The global ambient light attribute of the scene node allows colour specification of the scene’s global ambient light in the absence of all light sources (the light nodes). This specification is important because the shadow volume and the objects (the shadow-receivers) are only lit by this global ambient light. By default, in Demoniak3D, it is initialised at R=0.1, G=0.1 and B=0.1, thus a very low value.

One must also pay particular attention to the choice of the ambient light and to the materials. This is primordial in order to obtain a good self shadow. For memory, the self shadow of an object is the part of the object which does not receive direct (or diffused) light from a light source, and which is solely illuminated by ambient light from this same light source. In the case of the blue sphere in figure 5, the self shadow is the dark part (but which one can distinguish), whereas the blue part (with the whitish reflection) is that which is directly exposed to the light source and which receives diffused (and specular) light.

But the choice of the ambient light and material components is important for yet another reason: to mask and hide the rendering of the silhouette’s shadow. Figure 6 shows the rendering of the scene with a bad choice of ambient components, and also a sphere containing few polygons.

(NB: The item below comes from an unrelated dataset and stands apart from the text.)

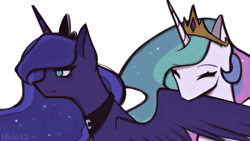 Size: 1920x1080 | Tagged: semi-grimdark, artist:halo12, princess celestia, princess luna, alicorn, pony, animated, blood, bone, crown, dismemberment, duo, eyes closed, female, image, jewelry, looking back, mare, mouth hold, nom, peytral, regalia, royal sisters, scared, siblings, sisters, spread wings, squeak, stare, webm, wings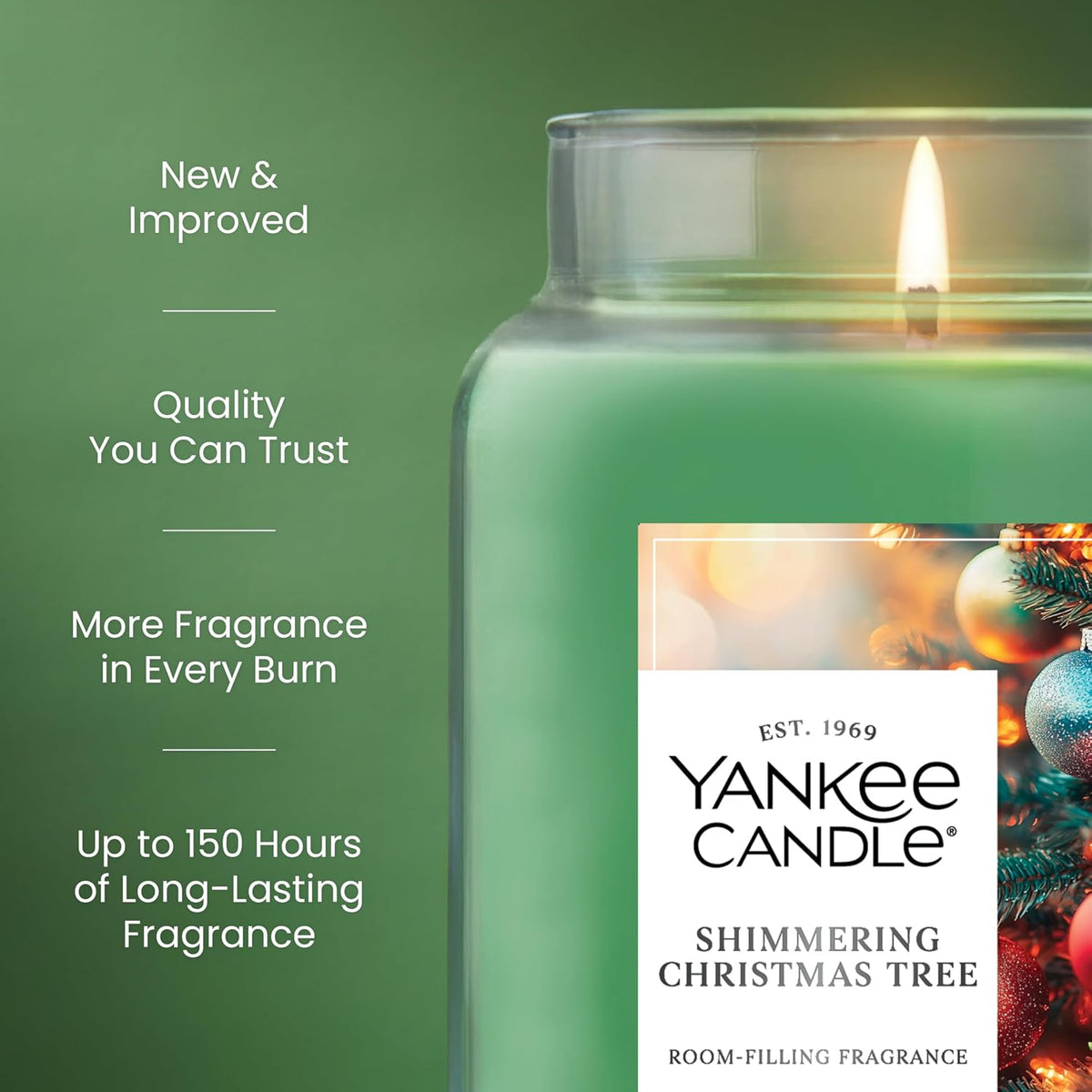 Yankee Candle Shimmering Christmas Tree Scented Candle, 22oz Large Jar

Fig.6 – Bad adjustment of the ambient components

In the scene in figure 6, the parameters of the sphere within the mesh node are the following:

<mesh name="sphere" shape_type="SPHERE" >
	<sphere radius="40.0" stacks="20" slices="20"/>
	</mesh>

This low polygon density provokes a hideous aliasing effect on the shadow side of the sphere. It is one of the inconveniences of the stencil shadow volumes: the algorithms require a fairly dense polygon object in order to obtain a good silhouette.

The ambient material components of the sphere and of the light, as far as they are concerned, are resolved in the following manner:

<material name="mat_sphere" >
	<ambient r="0.5" g="0.5" b="0.5" a="1.0" />
</material>

<light name="Light_01" >
	<ambient r="0.5" g="0.5" b="0.5" a="1.0" />
</light>

These adjustments accentuate the rendering of the shadow volume on the sphere itself. The first way to ameliorate the visual aspect of the scene in figure 6 is to correctly adjust the ambient components of the light and the sphere’s material. The following adjustment, while maintaining the low density of the sphere’s meshing, gives the result seen in figure 7:


Fig.7 – Good adjustment of the ambient components

This is becoming excellent! But, if you look closely, you will notice that there still remains an aliasing effect due to the low density of the sphere’s meshing. (figure 8).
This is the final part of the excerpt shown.